New algorithms could cut childhood TB costs at primary care
Claudia M. Denkinger and colleagues modelled treatment-decision algorithms (TDAs) and found they detect most childhood TB and cost less when used in primary care.
Diagnosing tuberculosis (TB) in children is difficult, and delays or missed cases can have serious consequences. To address this, researchers led by Claudia M. Denkinger evaluated new treatment-decision algorithms (TDAs) designed for children under age 10, some that use chest X-ray (CXR) and some that do not. Their goal was practical: to estimate how well these TDAs would work and how much they would cost if rolled out in Uganda. The team focused on two common care levels where children are first seen: primary health care centres (PHC) and district hospitals (DH). Instead of running a field trial, they built decision models that follow the pathway from clinical evaluation to the decision to treat, allowing them to compare different combinations of tests and care pathways. By modelling a large group of children with suspected TB, the researchers could compare accuracy and costs for realistic program choices and provide information useful for health planners deciding where and how to use these algorithms.

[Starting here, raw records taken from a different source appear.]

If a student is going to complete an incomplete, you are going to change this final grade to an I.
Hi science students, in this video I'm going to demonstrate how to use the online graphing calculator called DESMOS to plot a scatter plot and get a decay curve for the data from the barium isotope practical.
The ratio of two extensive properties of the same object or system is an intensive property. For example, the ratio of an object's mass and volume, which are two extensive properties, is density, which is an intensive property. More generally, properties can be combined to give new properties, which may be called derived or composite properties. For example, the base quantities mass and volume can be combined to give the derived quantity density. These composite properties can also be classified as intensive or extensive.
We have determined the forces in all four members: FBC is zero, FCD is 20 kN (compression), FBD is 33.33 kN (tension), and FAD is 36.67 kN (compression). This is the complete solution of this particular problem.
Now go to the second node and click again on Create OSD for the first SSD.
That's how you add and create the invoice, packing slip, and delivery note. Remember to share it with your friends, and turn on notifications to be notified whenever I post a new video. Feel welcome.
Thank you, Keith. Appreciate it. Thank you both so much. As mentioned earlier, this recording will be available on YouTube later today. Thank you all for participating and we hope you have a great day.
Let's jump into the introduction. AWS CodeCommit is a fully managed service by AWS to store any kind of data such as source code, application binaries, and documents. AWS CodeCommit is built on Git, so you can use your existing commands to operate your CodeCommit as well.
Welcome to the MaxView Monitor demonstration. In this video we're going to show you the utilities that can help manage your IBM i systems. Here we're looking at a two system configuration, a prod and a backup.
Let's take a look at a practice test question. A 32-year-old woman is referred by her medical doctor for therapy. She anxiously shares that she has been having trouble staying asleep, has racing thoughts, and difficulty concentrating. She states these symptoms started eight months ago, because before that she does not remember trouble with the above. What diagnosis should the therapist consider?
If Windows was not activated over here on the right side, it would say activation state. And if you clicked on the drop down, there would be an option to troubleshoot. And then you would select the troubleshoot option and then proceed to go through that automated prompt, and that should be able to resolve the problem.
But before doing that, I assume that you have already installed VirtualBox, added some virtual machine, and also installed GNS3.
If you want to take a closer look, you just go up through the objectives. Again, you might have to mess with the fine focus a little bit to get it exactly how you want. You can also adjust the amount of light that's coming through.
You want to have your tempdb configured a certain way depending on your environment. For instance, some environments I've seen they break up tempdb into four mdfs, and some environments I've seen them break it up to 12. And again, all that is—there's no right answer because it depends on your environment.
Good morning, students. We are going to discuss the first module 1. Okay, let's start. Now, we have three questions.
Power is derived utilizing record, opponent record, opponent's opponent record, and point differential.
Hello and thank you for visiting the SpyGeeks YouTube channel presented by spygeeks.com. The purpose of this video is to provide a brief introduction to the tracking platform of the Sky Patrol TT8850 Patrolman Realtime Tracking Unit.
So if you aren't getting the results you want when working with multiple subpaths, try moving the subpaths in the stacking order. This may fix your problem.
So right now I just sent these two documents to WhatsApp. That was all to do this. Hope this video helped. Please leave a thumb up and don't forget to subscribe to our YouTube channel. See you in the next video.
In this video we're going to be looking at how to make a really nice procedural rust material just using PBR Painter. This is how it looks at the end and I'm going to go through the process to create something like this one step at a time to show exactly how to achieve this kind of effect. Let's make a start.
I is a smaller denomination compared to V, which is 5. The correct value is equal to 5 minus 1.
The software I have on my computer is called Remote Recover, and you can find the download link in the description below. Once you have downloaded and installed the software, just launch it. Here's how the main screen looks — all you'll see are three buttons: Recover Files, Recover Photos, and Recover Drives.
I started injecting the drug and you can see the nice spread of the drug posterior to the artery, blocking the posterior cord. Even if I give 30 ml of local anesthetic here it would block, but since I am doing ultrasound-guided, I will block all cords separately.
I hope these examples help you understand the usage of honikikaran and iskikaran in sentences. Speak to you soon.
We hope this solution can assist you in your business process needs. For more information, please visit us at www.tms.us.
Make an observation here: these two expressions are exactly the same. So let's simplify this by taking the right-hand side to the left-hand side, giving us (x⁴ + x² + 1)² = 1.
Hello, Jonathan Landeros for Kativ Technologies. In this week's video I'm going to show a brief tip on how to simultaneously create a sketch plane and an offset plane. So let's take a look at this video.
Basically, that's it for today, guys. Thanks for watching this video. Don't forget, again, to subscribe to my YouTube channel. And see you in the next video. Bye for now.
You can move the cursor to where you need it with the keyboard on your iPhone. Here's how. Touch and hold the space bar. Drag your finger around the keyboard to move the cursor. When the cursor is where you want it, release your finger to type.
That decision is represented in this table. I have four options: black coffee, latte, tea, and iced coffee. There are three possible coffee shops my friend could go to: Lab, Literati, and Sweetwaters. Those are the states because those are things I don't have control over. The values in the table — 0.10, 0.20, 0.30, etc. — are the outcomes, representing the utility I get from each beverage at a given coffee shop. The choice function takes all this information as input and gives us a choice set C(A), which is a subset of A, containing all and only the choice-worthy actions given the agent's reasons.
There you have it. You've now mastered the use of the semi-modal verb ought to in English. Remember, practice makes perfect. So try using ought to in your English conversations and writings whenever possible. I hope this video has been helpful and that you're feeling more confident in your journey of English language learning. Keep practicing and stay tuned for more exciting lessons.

The researchers used decision-tree models following the TDA pathway and compared six scenarios that combined different diagnostic tests at PHCs and DHs. The tests considered included stool and respiratory Xpert, urine lipoarabinomannan, and/or CXR. They evaluated outcomes for a cohort of 10,000 children with presumptive TB, using a Monte Carlo simulation from a health system perspective and reporting costs in 2024 International dollars. Across all scenarios the TDAs showed high sensitivity (80.8–91.9%) but relatively low specificity (51.2–60.9%), meaning they were good at detecting true TB cases but produced many false positives. Total diagnostic and treatment costs for the cohort ranged from I$1,768,958 to I$2,458,790, with much of the expense driven by overtreatment of false-positive cases. Diagnostic spending often offset some overtreatment, and the cost per correct treatment-decision was lowest when a mobile CXR was available at PHC (I$287.40) and highest when children were referred to DHs (I$445.84).
The study suggests practical trade-offs for TB programs: the TDAs are reliable at finding most childhood TB cases and can be implemented at primary health centres, where they may be less costly overall than relying on district hospital referral. However, the relatively low specificity means many children without TB could receive unnecessary treatment, which is a major driver of total costs. The authors point to two clear ways to make wide implementation more affordable: improve specificity of the algorithms so fewer false positives are treated, and reduce the costs associated with treatment of false-positive cases. In short, using TDAs at the primary care level appears promising for increasing case detection and managing costs, but attention to diagnostic accuracy and treatment expenses will determine whether programs can scale these approaches sustainably.
Rolling out TDAs at primary health centres could help more children with TB get diagnosed and treated sooner while lowering overall program costs. To make large-scale use affordable, policymakers must focus on improving specificity and cutting treatment costs for false-positive cases.